**Problem to solve**
Each entry is to be given again word for word; images are dropped.

**Records shown**
-------
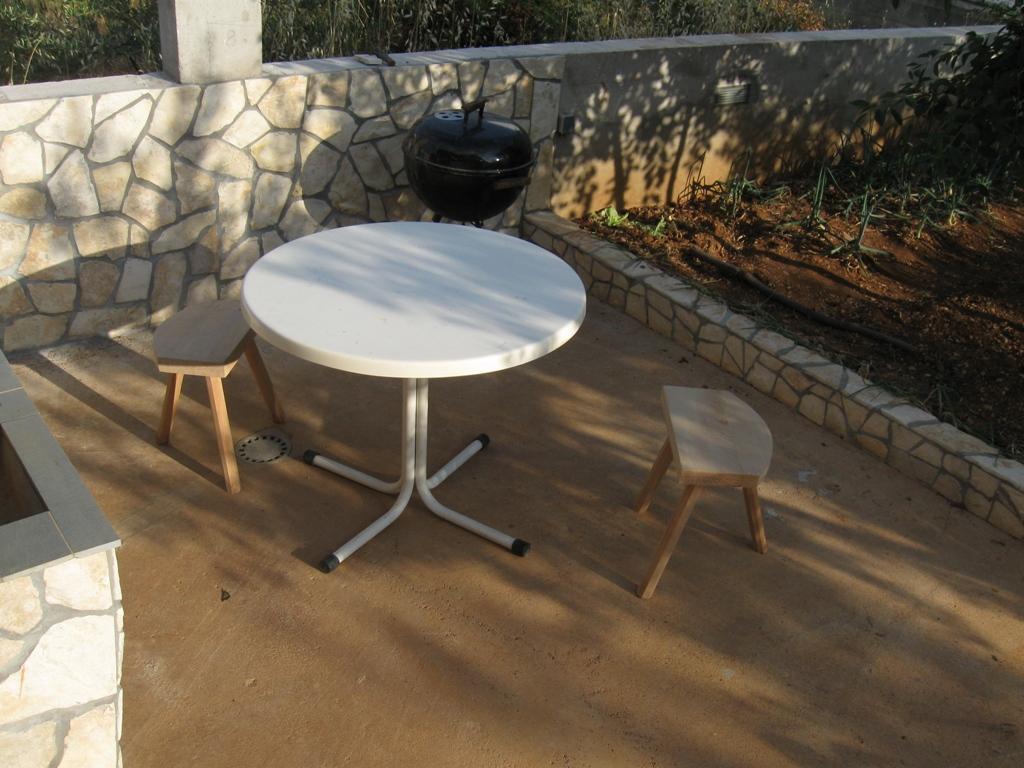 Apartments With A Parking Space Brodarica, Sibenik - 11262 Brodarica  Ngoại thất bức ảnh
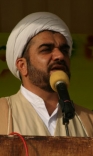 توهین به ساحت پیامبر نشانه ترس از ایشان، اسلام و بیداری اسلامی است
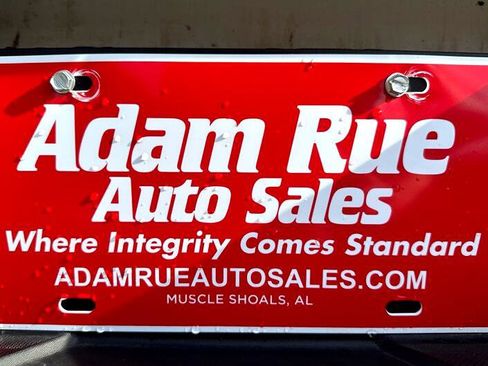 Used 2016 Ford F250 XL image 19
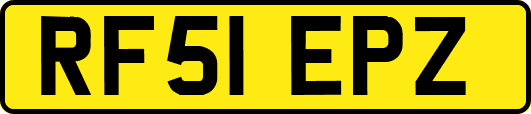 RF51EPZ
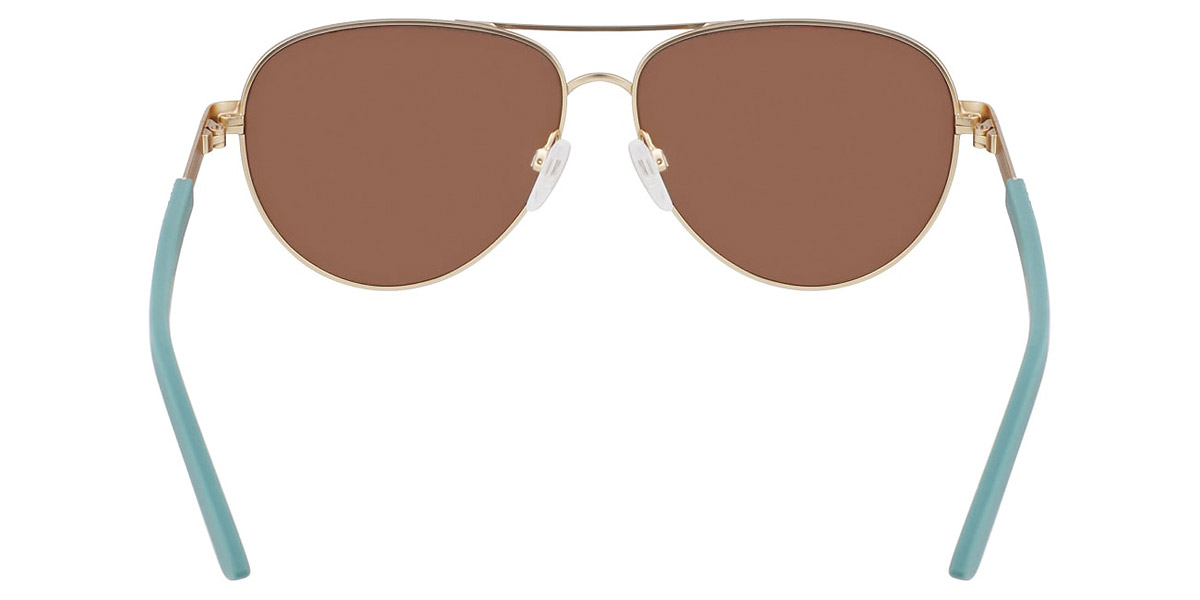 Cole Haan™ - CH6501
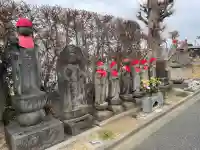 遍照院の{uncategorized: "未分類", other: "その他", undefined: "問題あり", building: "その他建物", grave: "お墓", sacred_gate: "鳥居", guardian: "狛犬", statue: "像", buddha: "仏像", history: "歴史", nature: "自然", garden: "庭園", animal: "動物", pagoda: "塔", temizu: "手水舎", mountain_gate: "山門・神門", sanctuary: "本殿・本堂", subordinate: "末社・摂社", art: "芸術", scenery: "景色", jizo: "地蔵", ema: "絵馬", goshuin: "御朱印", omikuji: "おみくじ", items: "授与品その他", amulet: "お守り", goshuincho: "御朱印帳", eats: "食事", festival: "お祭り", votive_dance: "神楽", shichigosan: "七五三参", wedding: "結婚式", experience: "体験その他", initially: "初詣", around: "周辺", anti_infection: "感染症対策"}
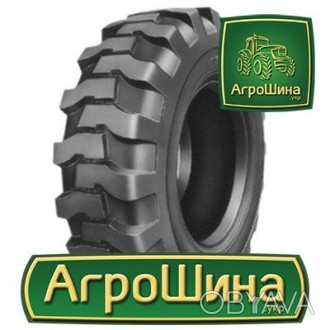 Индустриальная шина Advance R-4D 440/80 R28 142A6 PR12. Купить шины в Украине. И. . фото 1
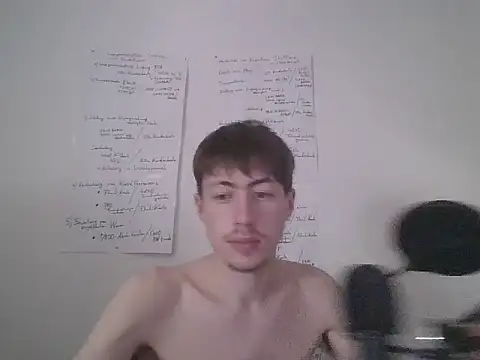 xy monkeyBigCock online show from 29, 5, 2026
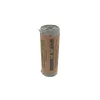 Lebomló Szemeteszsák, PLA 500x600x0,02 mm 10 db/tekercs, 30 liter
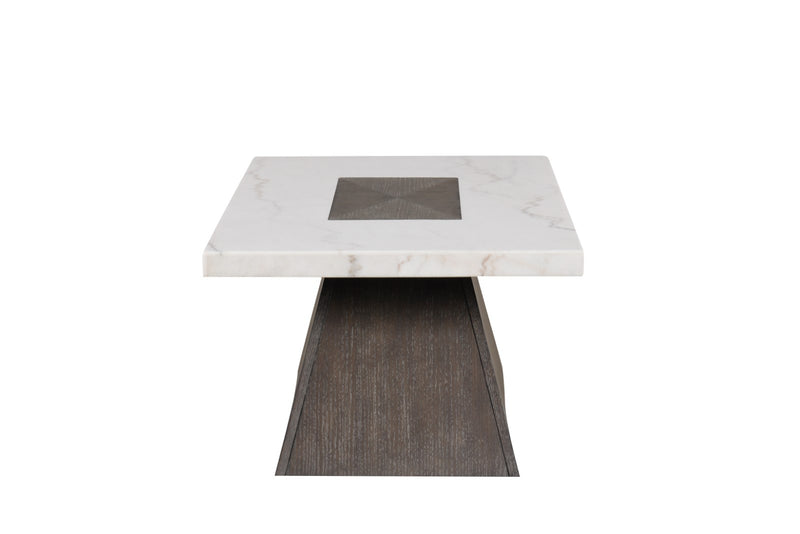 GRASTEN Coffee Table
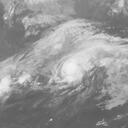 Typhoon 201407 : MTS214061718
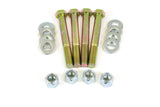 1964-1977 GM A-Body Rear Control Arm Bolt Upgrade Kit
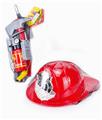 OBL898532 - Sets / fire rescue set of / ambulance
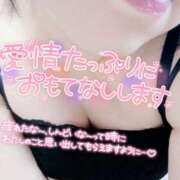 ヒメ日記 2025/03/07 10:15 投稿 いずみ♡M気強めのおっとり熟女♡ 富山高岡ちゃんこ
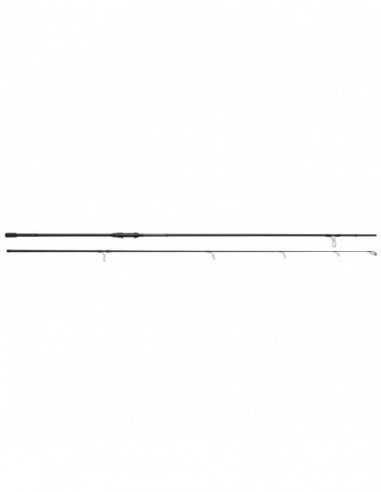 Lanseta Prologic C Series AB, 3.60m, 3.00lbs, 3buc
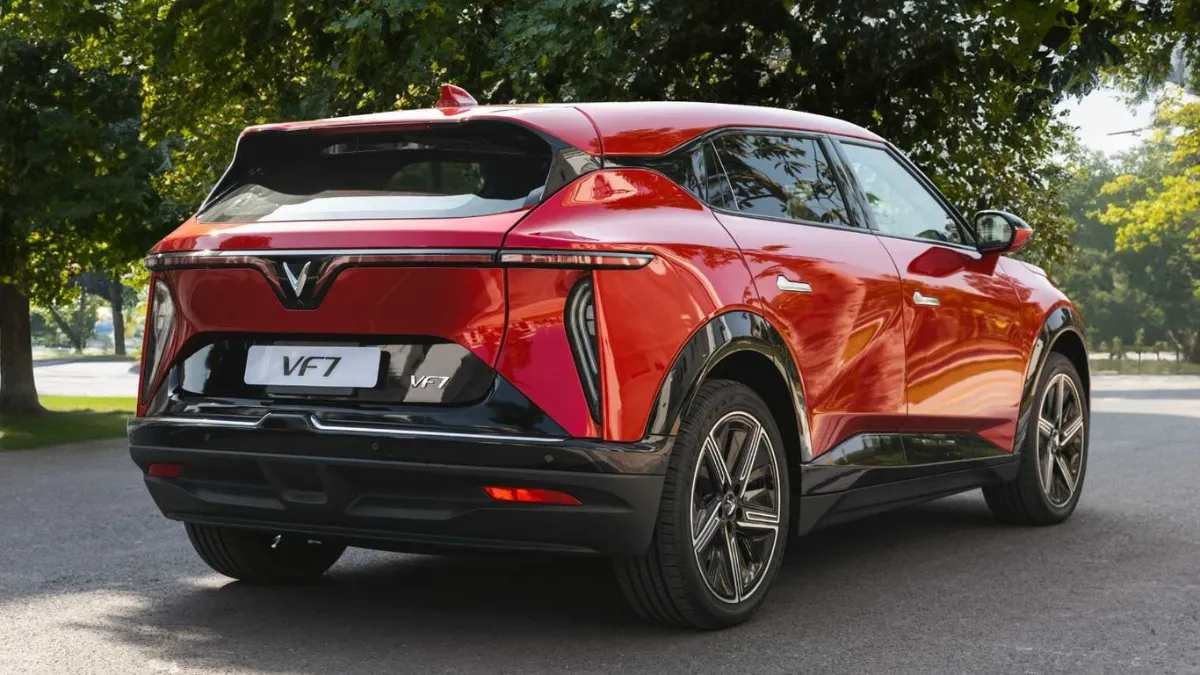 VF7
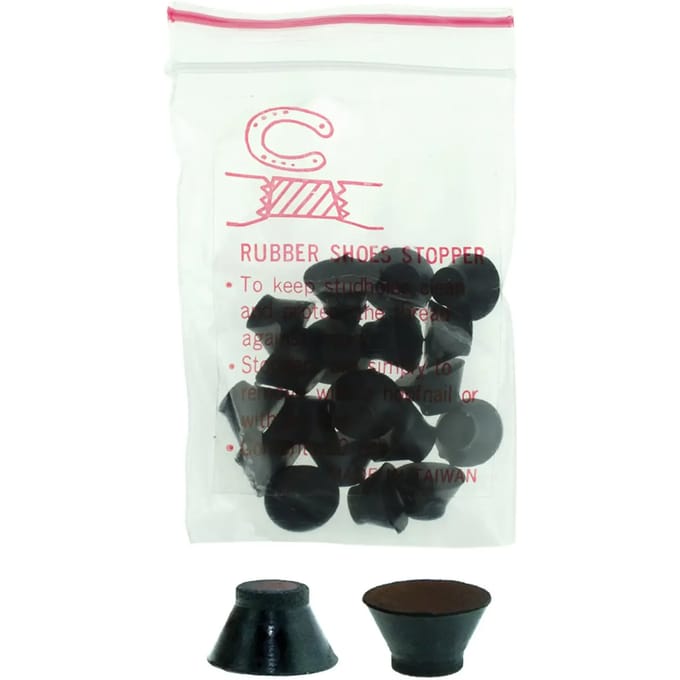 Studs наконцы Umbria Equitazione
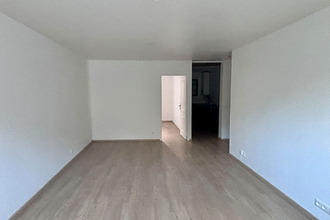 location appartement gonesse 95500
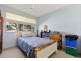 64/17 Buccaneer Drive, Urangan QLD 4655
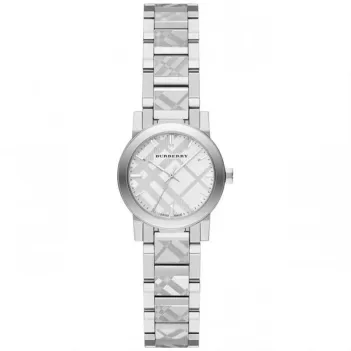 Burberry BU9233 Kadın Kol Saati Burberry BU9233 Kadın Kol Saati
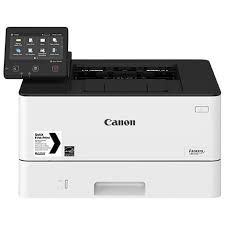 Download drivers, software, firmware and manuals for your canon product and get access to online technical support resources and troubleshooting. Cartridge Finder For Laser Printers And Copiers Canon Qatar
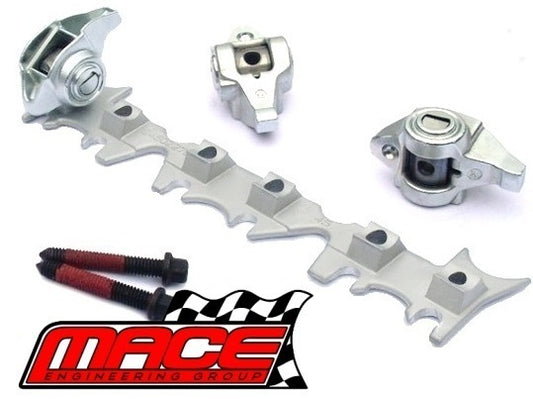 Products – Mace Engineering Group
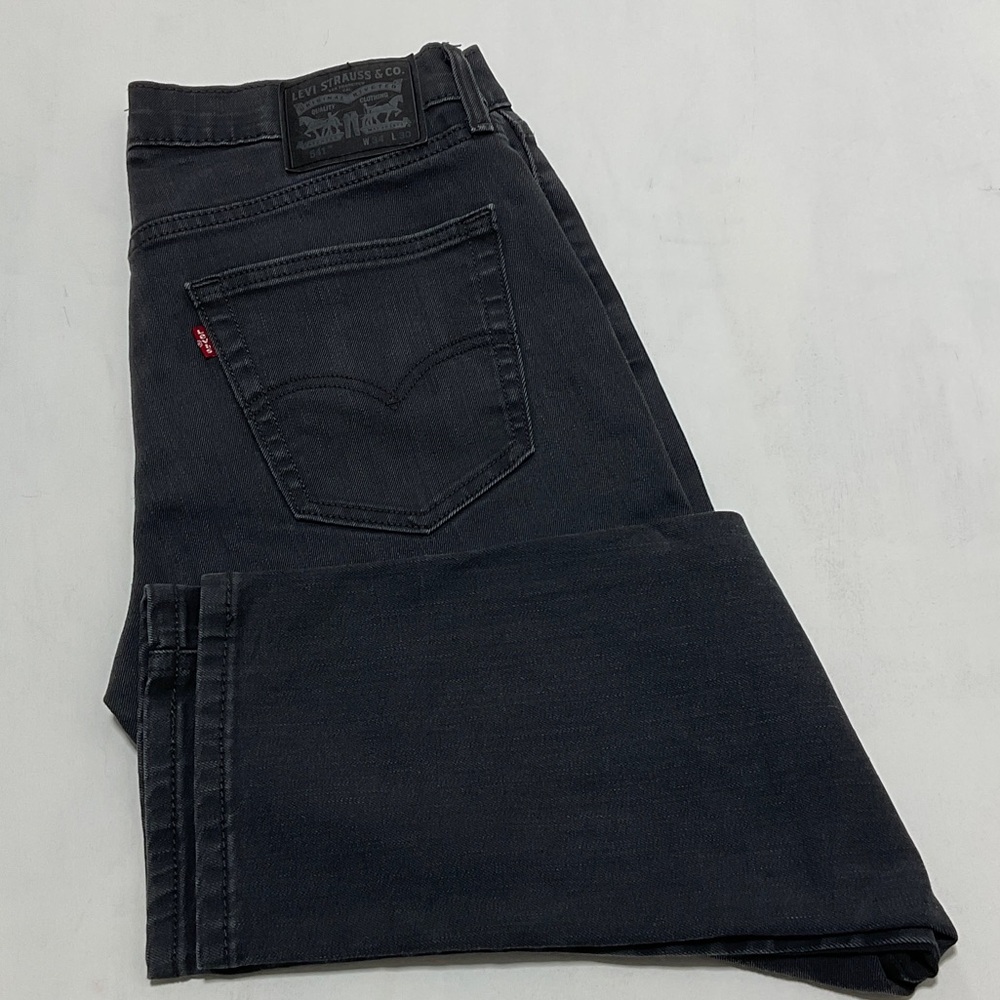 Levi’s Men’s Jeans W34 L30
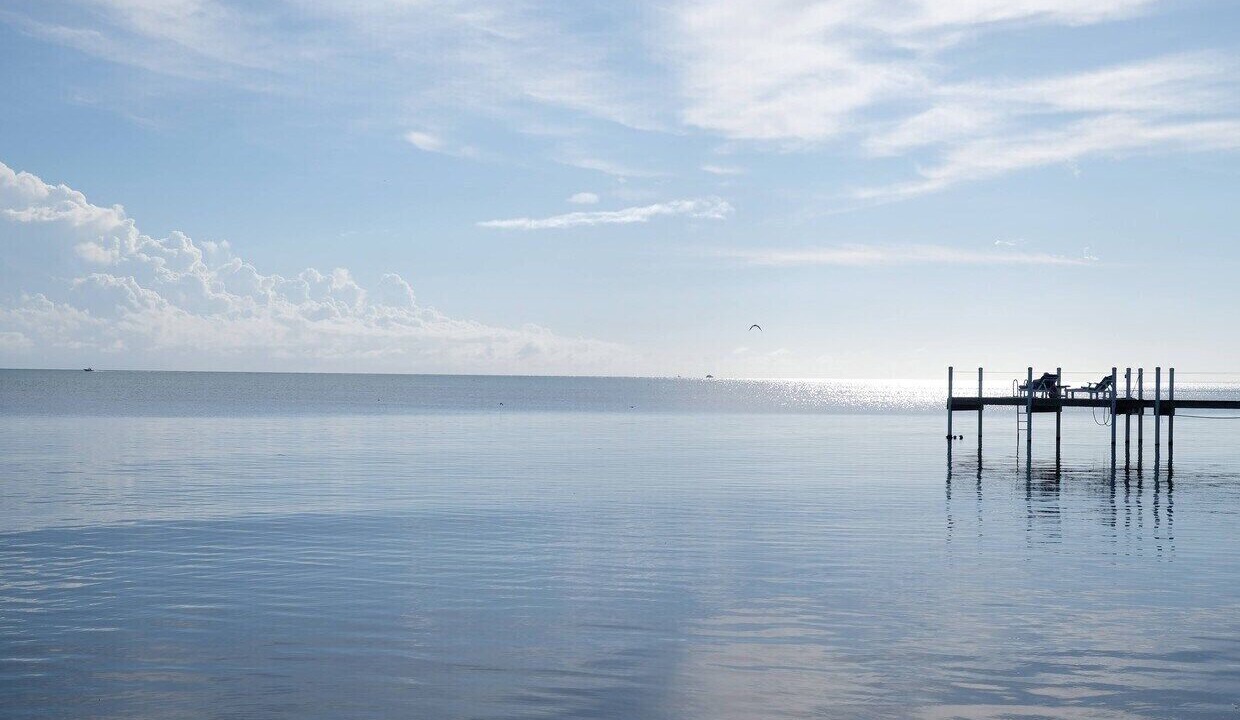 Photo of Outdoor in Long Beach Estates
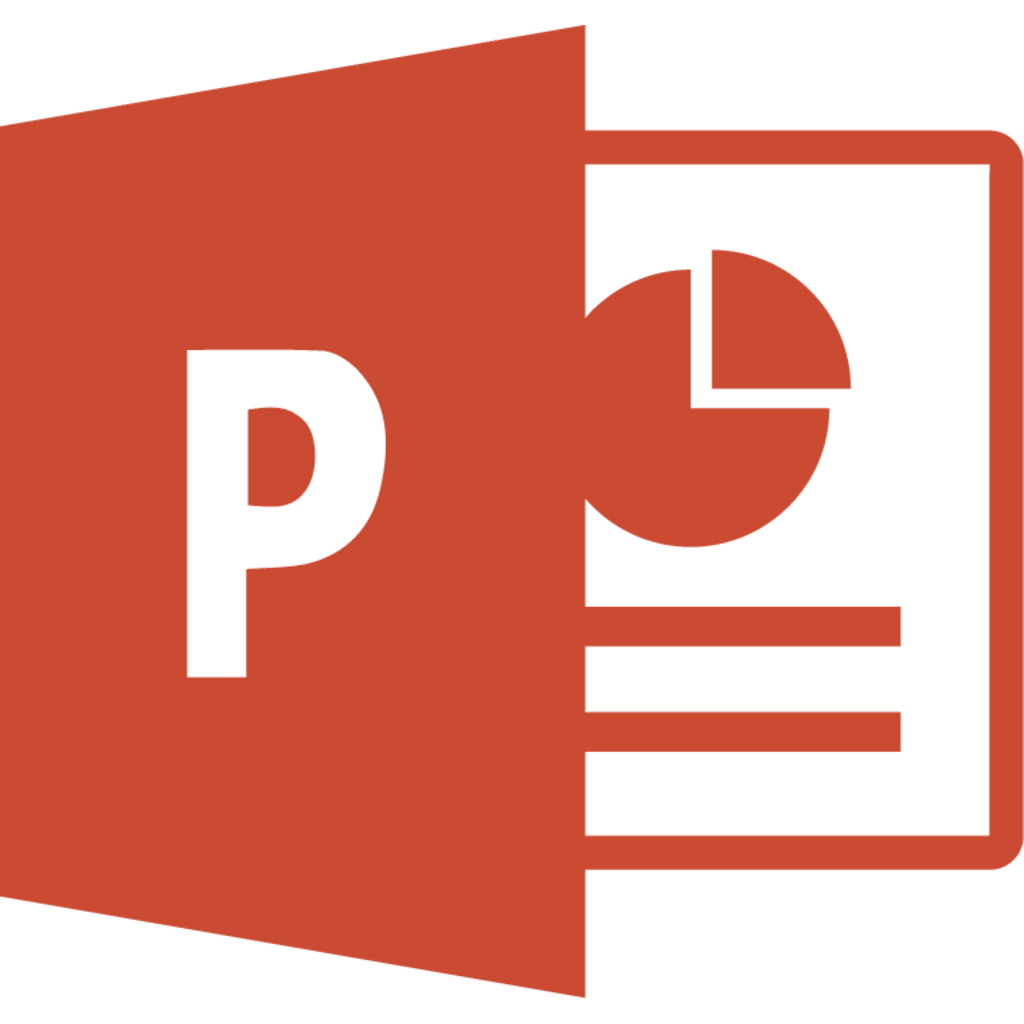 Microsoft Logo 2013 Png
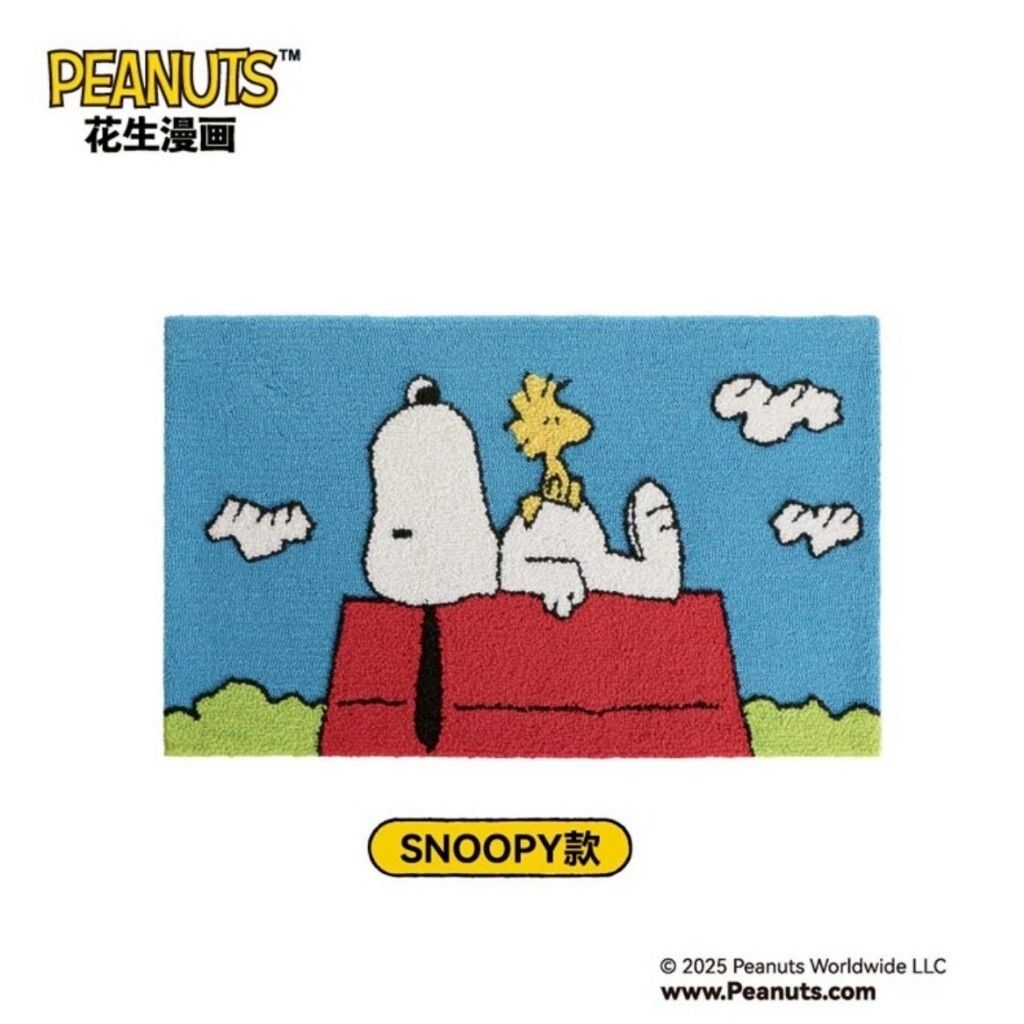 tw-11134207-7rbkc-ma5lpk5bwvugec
-------
**Result below**
 Apartments With A Parking Space Brodarica, Sibenik - 11262 Brodarica  Ngoại thất bức ảnh
 توهین به ساحت پیامبر نشانه ترس از ایشان، اسلام و بیداری اسلامی است
 Used 2016 Ford F250 XL image 19
 RF51EPZ
 Cole Haan™ - CH6501
 遍照院の{uncategorized: "未分類", other: "その他", undefined: "問題あり", building: "その他建物", grave: "お墓", sacred_gate: "鳥居", guardian: "狛犬", statue: "像", buddha: "仏像", history: "歴史", nature: "自然", garden: "庭園", animal: "動物", pagoda: "塔", temizu: "手水舎", mountain_gate: "山門・神門", sanctuary: "本殿・本堂", subordinate: "末社・摂社", art: "芸術", scenery: "景色", jizo: "地蔵", ema: "絵馬", goshuin: "御朱印", omikuji: "おみくじ", items: "授与品その他", amulet: "お守り", goshuincho: "御朱印帳", eats: "食事", festival: "お祭り", votive_dance: "神楽", shichigosan: "七五三参", wedding: "結婚式", experience: "体験その他", initially: "初詣", around: "周辺", anti_infection: "感染症対策"}
 Индустриальная шина Advance R-4D 440/80 R28 142A6 PR12. Купить шины в Украине. И. . фото 1
 xy monkeyBigCock online show from 29, 5, 2026
 Lebomló Szemeteszsák, PLA 500x600x0,02 mm 10 db/tekercs, 30 liter
 GRASTEN Coffee Table
 Typhoon 201407 : MTS214061718
 1964-1977 GM A-Body Rear Control Arm Bolt Upgrade Kit
 OBL898532 - Sets / fire rescue set of / ambulance
 ヒメ日記 2025/03/07 10:15 投稿 いずみ♡M気強めのおっとり熟女♡ 富山高岡ちゃんこ
 Lanseta Prologic C Series AB, 3.60m, 3.00lbs, 3buc
 VF7
 Studs наконцы Umbria Equitazione
 location appartement gonesse 95500
 64/17 Buccaneer Drive, Urangan QLD 4655
 Burberry BU9233 Kadın Kol Saati Burberry BU9233 Kadın Kol Saati
 Download drivers, software, firmware and manuals for your canon product and get access to online technical support resources and troubleshooting. Cartridge Finder For Laser Printers And Copiers Canon Qatar
 Products – Mace Engineering Group
 Levi’s Men’s Jeans W34 L30
 Photo of Outdoor in Long Beach Estates
 Microsoft Logo 2013 Png
 tw-11134207-7rbkc-ma5lpk5bwvugec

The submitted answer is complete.